Devia começar hoje por uma lauda fúnebre 

 

Fonte: Todas as crônicas: Aquarelas e outras crônicas (1859-1878). Rio de Janeiro, Nova Fronteira, 2021, vol. 1, pp. 161-162. Publicada, originalmente, no Diário do Rio de Janeiro, de 17/07/1864.

Devia começar hoje por uma lauda fúnebre. Inverti a ordem e guardei-a para o fim.

O que me embaraçava, sobretudo, era a transição do triste para o ameno. A dor e o prazer são contíguos — na perna de Sócrates, segundo a legenda — na vida humana, segundo a observação dos tempos; mas, no folhetim é um erro entristecer os leitores para depois falar-lhes em assuntos amenos ou festivos.

Duvido que um secretário de Estado dê melhores explicações ao Parlamento do que eu aos meus leitores — outro Parlamento, onde não se fala, pelo menos que eu ouça.

Tenho sempre medo quando escrevo a palavra Parlamento ou a palavra parlamentar. Um descuido tipográfico pode levar-me a um trocadilho involuntário. Sistema parlamentar, composto às pressas, pode ficar um sistema para lamentar. Note-se bem que eu falo do erro de ser composto às pressas ou mal composto... pelos compositores.

O erro tipográfico só aproveitou a Malherbe.

Conheci um poeta que era, neste assunto, o mais infeliz de todos os poetas. Nunca publicou um verso que a impressão o não estropiasse. É o que ele dizia:

— Viste hoje aqueles versos na folha?...

— Vi.

O poeta acrescentava:

— Sou infeliz, meu amigo; tudo saiu errado; é desenganar; não publicarei mais impressos, vou publicar manuscritos.

É verdade que, às primeiras lamentações desta natureza, procurei corrigir mentalmente os versos errados, e vi que, se o eram, não cabia aos tipógrafos toda a culpa, a menos que estes não fossem as musas do referido poeta.

Fiz, porém, uma descoberta de que me ufano: os erros tipográficos eram autorizados pelo poeta; esta fraudezinha dava lugar a que se tornassem comuns as faltas da impressão e as faltas da inspiração.

De descoberta em descoberta, cheguei à solução de um problema, até então insolúvel:

— Um mau poeta com a consciência da sua incapacidade.

Se Cambises mandava pregar a pele de um juiz prevaricador na cadeira do juiz que lhe sucedia, devia-se, se possível fosse, mandar pregar a pele do poeta à porta de todas as oficinas tipográficas, como exemplo a futuros escritores.

Como estou no capítulo das descobertas, mencionarei mais outra que fiz esta semana... nas mãos de um amigo de infância, que já tinha feito anteriormente.
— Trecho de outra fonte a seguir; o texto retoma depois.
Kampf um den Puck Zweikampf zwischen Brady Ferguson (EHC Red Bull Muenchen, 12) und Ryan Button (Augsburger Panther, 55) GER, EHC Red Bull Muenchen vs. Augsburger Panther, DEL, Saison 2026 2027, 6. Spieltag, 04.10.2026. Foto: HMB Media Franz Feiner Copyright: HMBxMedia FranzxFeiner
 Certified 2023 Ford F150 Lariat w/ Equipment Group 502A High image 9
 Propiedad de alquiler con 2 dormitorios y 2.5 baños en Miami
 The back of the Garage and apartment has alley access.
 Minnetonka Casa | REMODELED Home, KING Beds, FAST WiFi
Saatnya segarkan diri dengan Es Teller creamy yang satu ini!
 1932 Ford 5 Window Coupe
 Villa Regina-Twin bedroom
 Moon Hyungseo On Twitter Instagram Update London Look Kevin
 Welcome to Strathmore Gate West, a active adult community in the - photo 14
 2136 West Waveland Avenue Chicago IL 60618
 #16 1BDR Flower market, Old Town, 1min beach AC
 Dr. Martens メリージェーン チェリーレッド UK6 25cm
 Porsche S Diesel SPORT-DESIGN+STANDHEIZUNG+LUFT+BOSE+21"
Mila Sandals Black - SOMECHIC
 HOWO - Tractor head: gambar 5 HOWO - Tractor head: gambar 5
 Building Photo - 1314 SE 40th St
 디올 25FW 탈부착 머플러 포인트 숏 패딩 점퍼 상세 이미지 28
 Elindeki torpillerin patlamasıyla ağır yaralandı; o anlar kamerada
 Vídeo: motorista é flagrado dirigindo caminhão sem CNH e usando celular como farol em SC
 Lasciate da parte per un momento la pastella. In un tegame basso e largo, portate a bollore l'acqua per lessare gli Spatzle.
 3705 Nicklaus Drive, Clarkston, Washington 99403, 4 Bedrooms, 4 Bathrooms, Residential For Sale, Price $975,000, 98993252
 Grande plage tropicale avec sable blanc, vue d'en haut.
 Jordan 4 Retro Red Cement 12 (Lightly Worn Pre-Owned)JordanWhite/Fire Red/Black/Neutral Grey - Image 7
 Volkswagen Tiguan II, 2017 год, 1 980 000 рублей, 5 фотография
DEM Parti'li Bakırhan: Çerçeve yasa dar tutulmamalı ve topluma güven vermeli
Este gênero de descobrir não é novo.

A descoberta foi o original do testamento do cônego Filipe.

É um manuscrito venerável e legendário; a ele está ligado o nome daquele cônego, a quem se atribui tanta simplicidade, e de quem se contam tantas anedotas, falsas ou verdadeiras.

Nas minhas reminiscências da infância, tenho ainda viva a ideia de ter visto, quase diariamente, a tela a que alude a anedota do cônego e do pintor; lá estava a árvore, atrás da qual o cônego figurava estar escondido para não ser visto de Suzana.

Ora, o cônego, a quem se imputa tanta simplicidade, escreveu um testamento sério, grave, cheio de lucidez e de razão. Dificilmente se acredita ver ali a mão ou a cabeça do cônego Filipe.

Pois é autêntico. Foi encontrado entre os seus papéis, na casa em que ele habitou, casa tanto ou quanto histórica — a Casa do Livramento.

A conclusão a tirar de tudo isto, é que não há espírito que resista diante da ideia de fazer um testamento, e que, por mais simples que seja um homem, na ocasião de assinar as suas últimas disposições testamentárias, torna-se de uma sisudez e uma lucidez admiráveis.

Não passarei adiante sem fazer uma observação, a saber, que há uma simplicidade maior que a do cônego Filipe, é a simplicidade dos que lhe atribuem mais simplicidade do que ele tinha, lançando à conta do bom cônego tantas anedotas apócrifas. Aqui tenho menos em vista defender a memória do cônego do que deixar patente a minha opinião acerca de uma espécie de espirituosos por conta alheia, de que, infelizmente, abunda este mundo sublunar.